First, let's do one dimensional case.
The work that a force is doing when that force is moving from point A to
point B, one dimensional, here is point A and here is point B, and the
force is along that direction or you go in this
direction or in this direction.
But it's completely one dimensional.
That work is the integral in going from A to B of that force, dx.
If I call that the x-axis.
The unit of work you can see is newton meters.
So work is newton meters, for which we call that joule.
If there's more than one force in this direction, you have to add these
forces in this direction vectorially and then this is the work that the
forces do together.
Work is a scalar.
So this can be larger than 0, it can be 0, or it can be smaller than 0.
If the force and the direction in which it moves, in an opposite
direction, then it is smaller than 0.
If they're in the same direction, either this way or that way, then the
work is larger than 0.
F = ma, so therefore I can also write for this m * dv / dt.
And I can write down for dx, I can write down, v * dt.

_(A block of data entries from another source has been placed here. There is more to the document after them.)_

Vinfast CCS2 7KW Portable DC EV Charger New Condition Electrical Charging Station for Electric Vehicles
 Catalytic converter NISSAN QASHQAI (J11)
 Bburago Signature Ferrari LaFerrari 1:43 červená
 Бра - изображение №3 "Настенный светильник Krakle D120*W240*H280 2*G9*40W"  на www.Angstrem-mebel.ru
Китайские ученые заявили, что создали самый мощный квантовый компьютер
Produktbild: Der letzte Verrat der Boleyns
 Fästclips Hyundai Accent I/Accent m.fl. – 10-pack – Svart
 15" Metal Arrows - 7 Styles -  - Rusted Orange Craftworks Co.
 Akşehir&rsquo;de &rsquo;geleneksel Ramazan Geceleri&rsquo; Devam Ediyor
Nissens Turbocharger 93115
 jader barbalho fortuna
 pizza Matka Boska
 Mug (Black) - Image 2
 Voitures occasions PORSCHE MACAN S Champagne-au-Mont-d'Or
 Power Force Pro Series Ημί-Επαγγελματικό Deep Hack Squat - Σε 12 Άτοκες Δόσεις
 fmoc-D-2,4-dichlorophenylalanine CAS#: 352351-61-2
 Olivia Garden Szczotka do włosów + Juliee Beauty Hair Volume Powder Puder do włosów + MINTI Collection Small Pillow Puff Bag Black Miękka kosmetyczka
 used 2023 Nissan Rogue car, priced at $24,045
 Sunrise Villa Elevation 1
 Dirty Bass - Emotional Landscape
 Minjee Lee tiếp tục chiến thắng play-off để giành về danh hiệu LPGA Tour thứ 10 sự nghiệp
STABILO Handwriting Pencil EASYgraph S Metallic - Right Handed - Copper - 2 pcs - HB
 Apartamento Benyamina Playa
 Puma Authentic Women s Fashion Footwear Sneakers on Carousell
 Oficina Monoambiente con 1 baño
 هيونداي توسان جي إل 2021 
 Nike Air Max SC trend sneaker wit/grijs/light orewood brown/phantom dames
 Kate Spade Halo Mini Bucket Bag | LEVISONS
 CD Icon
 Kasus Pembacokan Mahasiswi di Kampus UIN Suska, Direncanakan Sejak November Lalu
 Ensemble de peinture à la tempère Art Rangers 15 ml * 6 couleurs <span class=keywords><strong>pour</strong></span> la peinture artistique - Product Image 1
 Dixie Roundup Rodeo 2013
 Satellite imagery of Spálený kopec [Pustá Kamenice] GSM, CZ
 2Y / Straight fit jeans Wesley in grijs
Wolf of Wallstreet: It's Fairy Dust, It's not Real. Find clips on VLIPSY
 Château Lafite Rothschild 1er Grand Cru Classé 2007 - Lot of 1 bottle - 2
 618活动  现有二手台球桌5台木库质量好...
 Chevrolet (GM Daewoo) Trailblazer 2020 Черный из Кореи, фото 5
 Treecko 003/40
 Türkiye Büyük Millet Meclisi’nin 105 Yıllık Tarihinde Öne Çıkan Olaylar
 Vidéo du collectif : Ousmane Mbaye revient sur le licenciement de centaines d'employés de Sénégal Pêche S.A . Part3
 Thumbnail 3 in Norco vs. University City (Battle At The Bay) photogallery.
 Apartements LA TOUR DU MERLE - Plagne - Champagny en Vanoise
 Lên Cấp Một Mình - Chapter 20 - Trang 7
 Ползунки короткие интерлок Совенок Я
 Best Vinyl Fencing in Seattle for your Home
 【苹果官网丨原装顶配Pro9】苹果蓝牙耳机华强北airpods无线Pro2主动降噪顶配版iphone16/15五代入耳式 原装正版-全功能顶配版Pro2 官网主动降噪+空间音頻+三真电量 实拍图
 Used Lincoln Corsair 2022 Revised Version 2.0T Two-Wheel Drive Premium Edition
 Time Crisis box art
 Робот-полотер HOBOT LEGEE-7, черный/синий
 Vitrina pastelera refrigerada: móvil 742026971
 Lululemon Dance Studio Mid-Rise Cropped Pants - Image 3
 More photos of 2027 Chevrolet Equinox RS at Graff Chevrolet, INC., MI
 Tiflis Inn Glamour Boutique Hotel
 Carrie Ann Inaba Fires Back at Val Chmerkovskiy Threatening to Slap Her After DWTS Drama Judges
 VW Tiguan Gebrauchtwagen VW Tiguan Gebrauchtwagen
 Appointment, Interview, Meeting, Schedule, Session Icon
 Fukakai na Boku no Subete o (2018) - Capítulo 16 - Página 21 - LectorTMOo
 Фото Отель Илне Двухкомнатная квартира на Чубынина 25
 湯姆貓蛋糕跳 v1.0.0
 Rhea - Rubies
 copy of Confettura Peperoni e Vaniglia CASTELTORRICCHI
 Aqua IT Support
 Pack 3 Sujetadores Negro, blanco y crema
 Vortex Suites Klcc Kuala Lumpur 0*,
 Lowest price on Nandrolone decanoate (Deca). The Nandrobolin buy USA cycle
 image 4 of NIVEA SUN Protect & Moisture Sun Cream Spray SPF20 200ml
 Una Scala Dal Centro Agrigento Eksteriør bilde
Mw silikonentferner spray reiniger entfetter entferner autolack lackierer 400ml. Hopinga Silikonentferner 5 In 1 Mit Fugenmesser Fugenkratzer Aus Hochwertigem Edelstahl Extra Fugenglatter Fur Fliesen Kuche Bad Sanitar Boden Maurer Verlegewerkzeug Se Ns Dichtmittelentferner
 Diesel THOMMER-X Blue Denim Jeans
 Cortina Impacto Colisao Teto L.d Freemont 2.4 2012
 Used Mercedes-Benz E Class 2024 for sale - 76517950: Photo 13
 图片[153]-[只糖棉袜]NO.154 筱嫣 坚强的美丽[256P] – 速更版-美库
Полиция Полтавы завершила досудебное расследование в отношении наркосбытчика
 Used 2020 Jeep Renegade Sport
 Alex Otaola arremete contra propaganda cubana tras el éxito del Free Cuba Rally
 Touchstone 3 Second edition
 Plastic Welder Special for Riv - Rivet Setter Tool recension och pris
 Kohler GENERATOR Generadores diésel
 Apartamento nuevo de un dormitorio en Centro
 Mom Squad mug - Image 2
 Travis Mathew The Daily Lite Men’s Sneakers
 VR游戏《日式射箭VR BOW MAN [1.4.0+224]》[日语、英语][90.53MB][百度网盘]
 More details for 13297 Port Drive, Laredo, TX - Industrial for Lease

I substitute that in there.
So the work in going from A to B is the integral from A to B times the
force which is m * dv / dt d x, which is v * dt.
And look what I can do.
I can eliminate time.
And I can now go to a integral over velocity.
Velocity a to the velocity b.
And I get m times v times dv.
That's a very easy integral.
That is 1/2 * m * v^2, which I have to evaluate between v_A and v_B.
And that is 1/2 m * v_b^2 - 1/2 m * v_a^2.
1/2 * m * v^2 is what we call in physics kinetic energy.
Sometimes we write just a K for that.
It's the energy of motion.
And so the work that is done when a force moves from A to B is the kinetic
energy in point B, you see that here, minus the kinetic energy in point A.
And this is called the work energy theorem.
If the work is positive, then the kinetic energy increases when you go
from A to B. If the work is smaller than 0, then the work-- then the
kinetic energy decreases.
If the work is 0 then there is no change in kinetic energy.